L'importante chiesa cimiteriale dedicata oggi a San Vigilio ha origini antiche: risale probabilmente a prima del Mille; nei primi decenni del XVI secolo le sue dimensioni erano ridotte. Divenne chiesa di cura d'anime nel 1642 quando Pinzolo e Carisolo si separarono dalla curazia di Sopracqua di Giustino e ne costruirono una autonoma (fino al 1727). Nel 1539 Simone Baschenis ne decorò la parete sud eseguendovi il famoso Trionfo della Morte con la relativa Danza Macabra, i Sette Peccati Capitali e la Resurrezione di Cristo. Il pittore aveva già svolto tale tema sulla chiesa di Santo Stefano a Carisolo, ma qui raggiunse i vertici della sua arte. Il significato spirituale e ascetico dell'opera traspare anche attraverso le didascalie che riflettono una visione del mondo particolarmente austera e cupa. Sembra che a tale iniziativa non fosse stata estranea la Compagnia dei Battuti, la "Fradaja de li Batui", che allora viveva un periodo di particolare fervore.
Nel 1540 Simone Baschenis si dedicò alla decorazione dell'interno della chiesa: nel presbiterio apparirono così le storie di S. Vigilio, Cristo in croce attorniato dall'Addolorata, S. Giovanni, le Pie Donne, gli Apostoli, S. Vigilio in trono, Cristo pantocratore con i Dottori della Chiesa e gli Evangelisti.
La peste del 1630 raggiunse Pinzolo: l'emigrazione a cui parte la comunità fu costretta trova conferma nella laconica iscrizione posta sull'altare della chiesa di S. Martino a Mantova datata 1659: qui si incontravano settimanalmente gli emigrati di Pinzolo. Nella seconda metà del XVIII secolo si profilò urgente il problema di innalzare un edificio sacro che sostituisse la chiesa di S. Vigilio, ormai divenuta insufficiente ad accogliere i fedeli. Dopo lunghe discussioni di decise di abbattere l'antica chiesetta medioevale di S. Lorenzo, posta nel centro del paese, e di costruirne una nuova, completata nel 1777.
Nel 1823 nacque a Pinzolo Nepomuceno Bolognini, una delle figure più rappresentative del Risorgimento trentino, coinvolto nei moti irredentisti che si conclusero nel 1866 con la battaglia di Bezzecca.
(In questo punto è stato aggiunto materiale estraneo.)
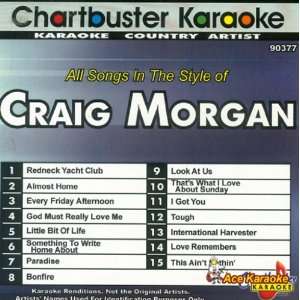   Chartbuster Artist CDG CDG90377   Craig Morgan 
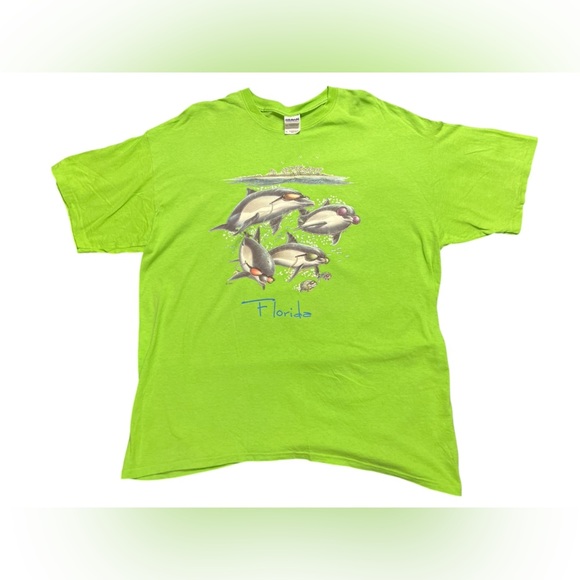 2 for $25 Vintage Y2K animal print dolphin t shirt size XL - Picture 1 of 2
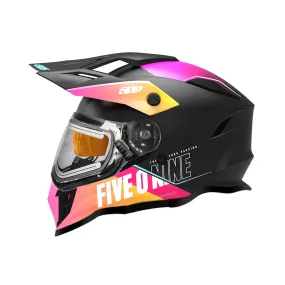 509  Delta R3L Ignite Snowmobile Helmet Fidlock Dual Electric Shield Oil Slick FMVSS 218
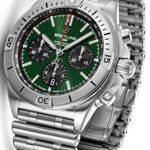 Breitling Chronomat B01 Green Bentley Dial Mens Watch AB01343A1L1A1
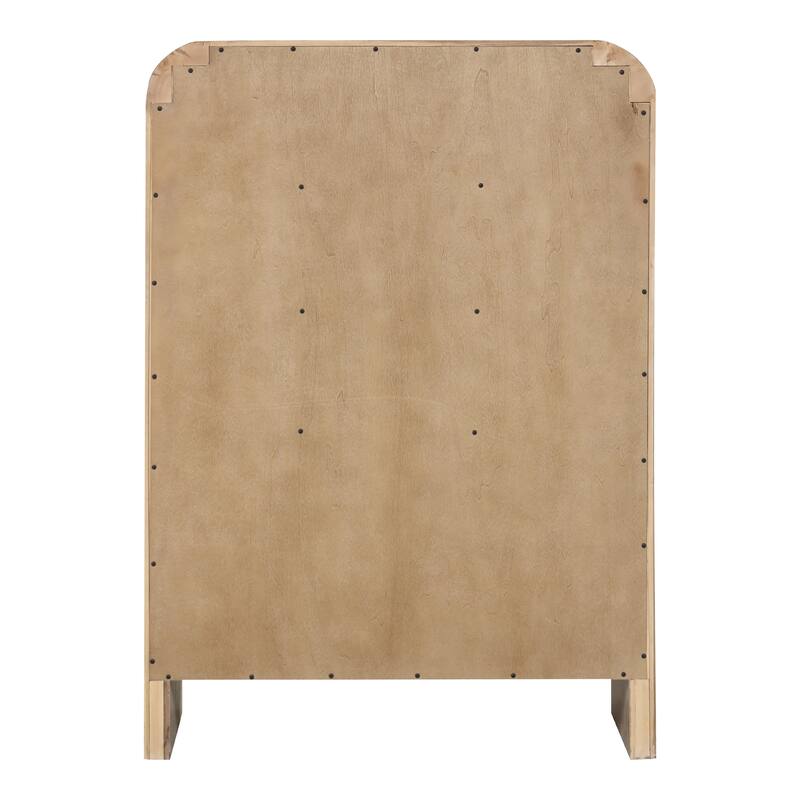 Furniture of America Elowyn 3-Piece Natural Solid Wood Chest and 2-Nightstand Bedroom Set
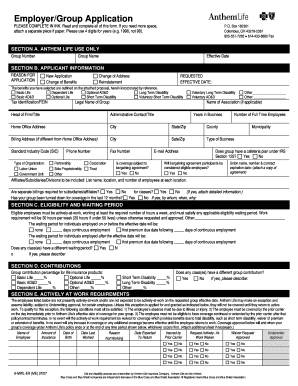 Anthem Life Employer Group Application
Egli fondò con Prospero Marchetti nel 1882, nel suo paese natale, la SAT e approfondì e divulgò la conoscenza della storia e del folclore di Pinzolo. Coerentemente alla sua vocazione turistica e montana, nel 1952 fu costruito qui il primo Corpo di Soccorso Alpino italiano grazie all'opera di Angiolino Binelli. Tra il 26 e il 27 giugno del 1913 un tremendo incendio distrusse il paese di Pinzolo, risparmiando la frazione di Baldino e la chiesa parrocchiale. La prima guerra mondiale ebbe uno dei suoi più importanti teatri nella zona dell'Adamello e non risparmiò il paese di Pinzolo sia in temini di morti che di pericoli e di difficoltà. Peraltro la povertà dell'intera Val Rendena e di Pinzolo spinsero soprattutto all'inizio del secolo, numeri sempre più cospicui di suoi abitanti ad abbandonare la loro terra, emigrando alla ricerca di lavoro e di un minimo di benessere. Agli arrotini di Pinzolo che girarono il mondo con la mola ad affilare coltelli e lame nel 1969 fu eretto un monumento all'entrata del paese.